Prompt |
Repeat the whole listing word for word, skipping pictures.

Exercise data |
----

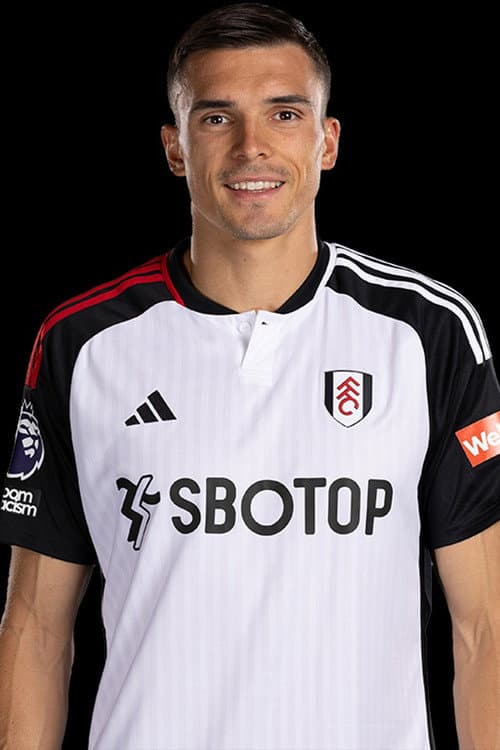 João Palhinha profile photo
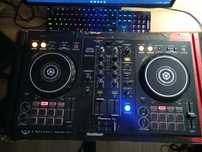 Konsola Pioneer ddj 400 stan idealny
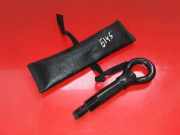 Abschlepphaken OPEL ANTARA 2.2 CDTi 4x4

----

Output |
 João Palhinha profile photo
 Konsola Pioneer ddj 400 stan idealny
 Abschlepphaken OPEL ANTARA 2.2 CDTi 4x4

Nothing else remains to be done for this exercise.